Doch nicht jetzt, verdammt noch mal.
    Mein vernünftigeres Ich lachte laut auf und hörte plötzlich die Stimme meiner Mutter. »Nimm dich doch zusammen, Molly,mein Schatz«, rief sie munter. »Dies ist ein wunderbarer Tag. Du wirst Mutter. Sag Barry Bescheid und achte darauf, in welchen Abständen die Wehen kommen. Ja, genau, das sind Wehen, du Dummerchen.

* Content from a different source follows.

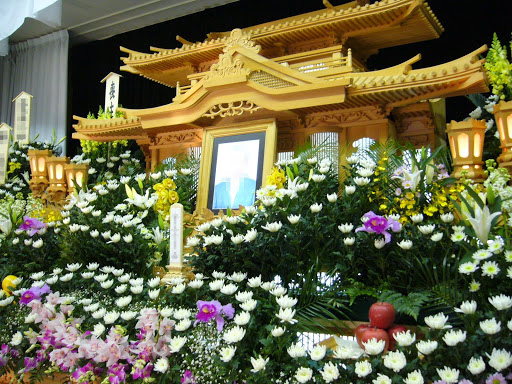 Nhật Bản: Xu hướng tang lễ nhỏ gọn với chi phí thấp và hình thức phúng điếu trực tuyến lên ngôi mùa dịch - Ảnh 2.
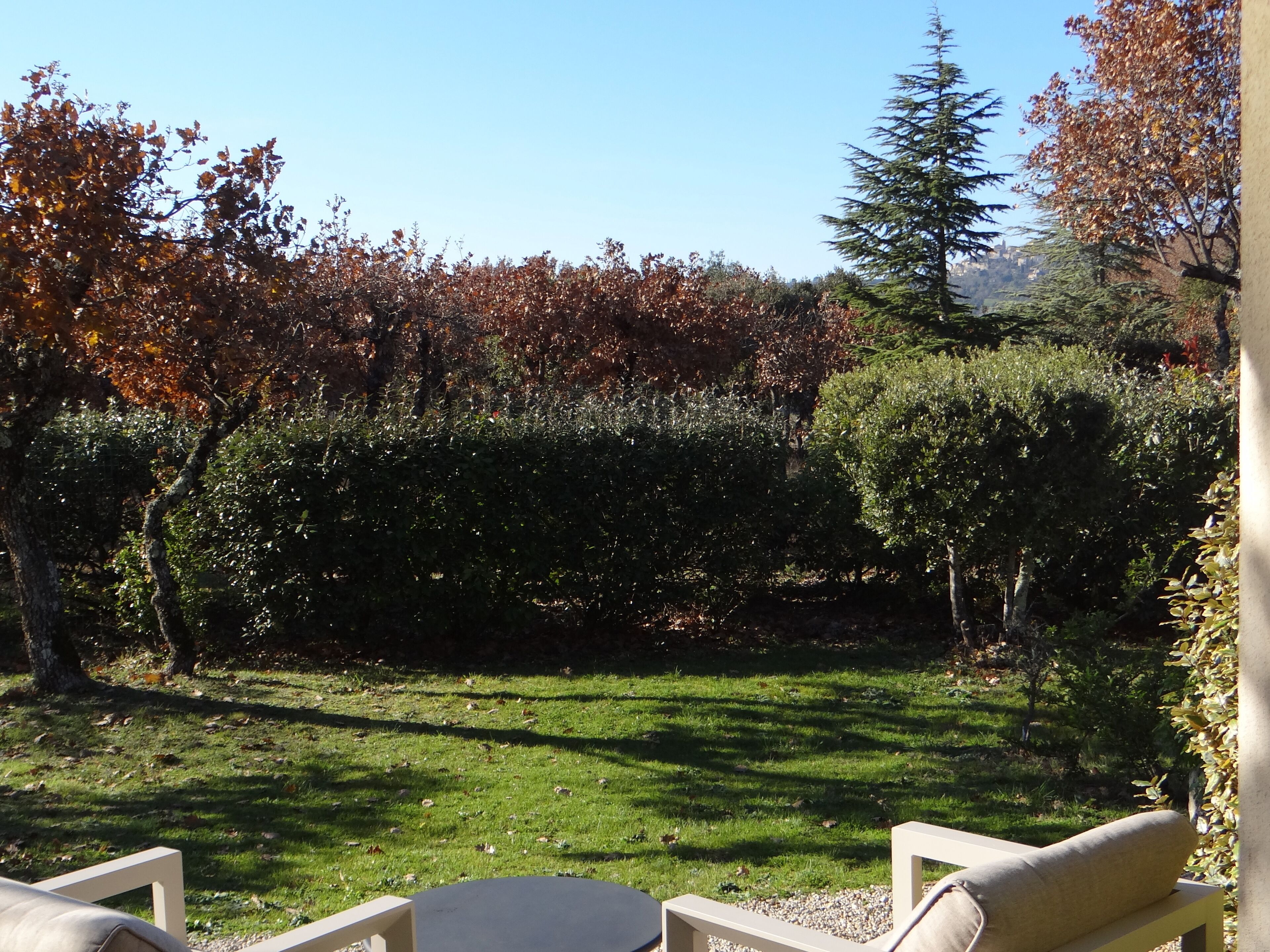 Habitación Confort con 1 cama doble o 2 individuales, vistas a la ciudad | Jardines del alojamiento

Hast du alles vergessen, was man dir beigebracht hat?«
    Ich rief auf Barrys Handy an. Es war ausgeschaltet. Also hinterließ ich eine Nachricht. »Ruf mich an.« Und damit er meine Worte auf keinen Fall als Vorbereitung einer Entschuldigung missverstand, wiederholte ich sie. »Ruf mich sofort an, du Arschloch.«
    Ich dachte an die Reisetasche, die ich längst hätte packen sollen. Typisch, dazu war ich noch nicht gekommen. Überraschend ruhig warf ich irgendwelche Klamotten in eine große Tasche. Später fragte ich mich, wieso ich geglaubt hatte, ich bräuchte im Krankenhaus Spitzenhemdchen und dazupassende Stringtangas. Weiße Seide, immerhin.
    Immer wieder sah ich auf die Uhr. Die Minuten krochen dahin. Vielleicht passierte das alles gar nicht wirklich, und ich übertrieb nur mal wieder gnadenlos, wie Barry mir immer vorwarf. Es tat mir schon wieder leid, dass ich ihn überhaupt angerufen hatte.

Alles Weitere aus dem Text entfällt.